At least 23 Dutch nationals of Antillean origin and dozens of people in Britain have been arrested this week in an ongoing joint operation to break up a sham marriage ring, the Dutch public prosecution service said on Friday.

Sixteen women and seven men were arrested across the Netherlands on suspicion of undergoing sham marriages in England. The arrests are the result of a two-year investigation code-named Dutch Conclusion involving Dutch and British officials as well as Europol.
The probe focused on weddings involving illegal Nigerian men and women with Dutch nationality. The women, from the former Dutch Caribbean colonies, were recruited in the Netherlands and flown to Britain to get married.
Social security
Once married, the Nigerian grooms had legal residency and access to social security provisions, the Dutch public prosecutor said in a statement.

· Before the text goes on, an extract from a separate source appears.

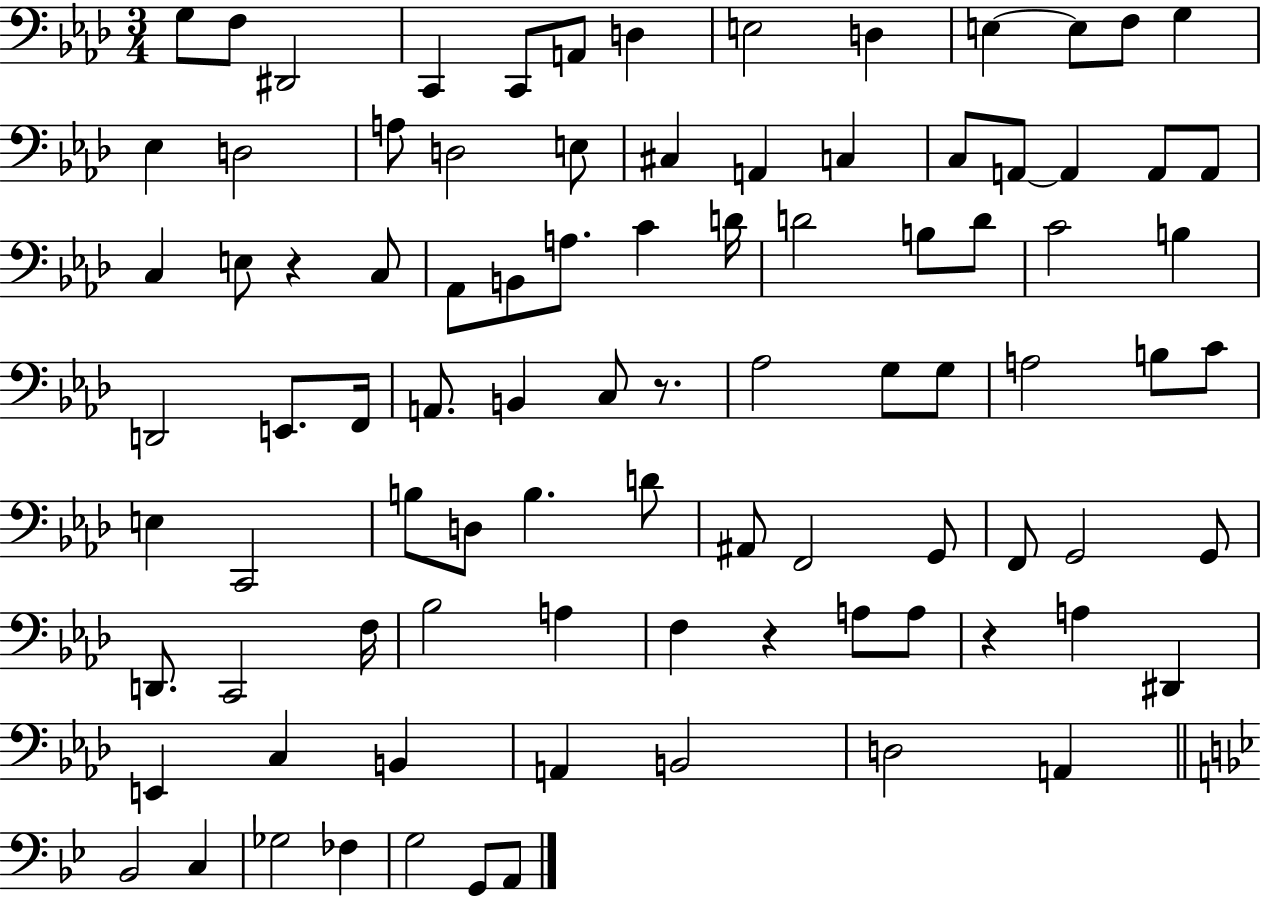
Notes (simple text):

The women were paid between €2,500 and €3,500 for their role.
The men could then also bring in their family under family reunion rules.
‘It is a crime against the state. In the case of the British Nigerians, we are talking about millions of euros,’ public prosecution department spokesman Warner ten Kate told Nos television.
According to Nos, officials became suspicious after noting a number of weddings between Dutch Antilleans and Nigerian men.
Over the past two years, 81 suspects have been rounded up and 66 people found guilty, the public prosecution department said. They have been given jail terms ranging from a few months to six years.
Most of the Dutch suspects have been released after questioning by police but will face human trafficking charges. More arrests cannot be ruled out in both the Netherlands and UK, the department statement said.
The BBC reported in February how a gang used day return flights from the Netherlands to carry out up to 20 sham marriages.
The Dutch nationals would arrive in Nottingham, take part in ceremonies and fly home within 24 hours. Twenty weddings took place at the same church.
Ring leader Phillips Onikoyi, 34, was jailed for five years after admitting conspiracy to breach immigration law, the BBC said. Several Dutch nationals were also jailed in that part of the operation.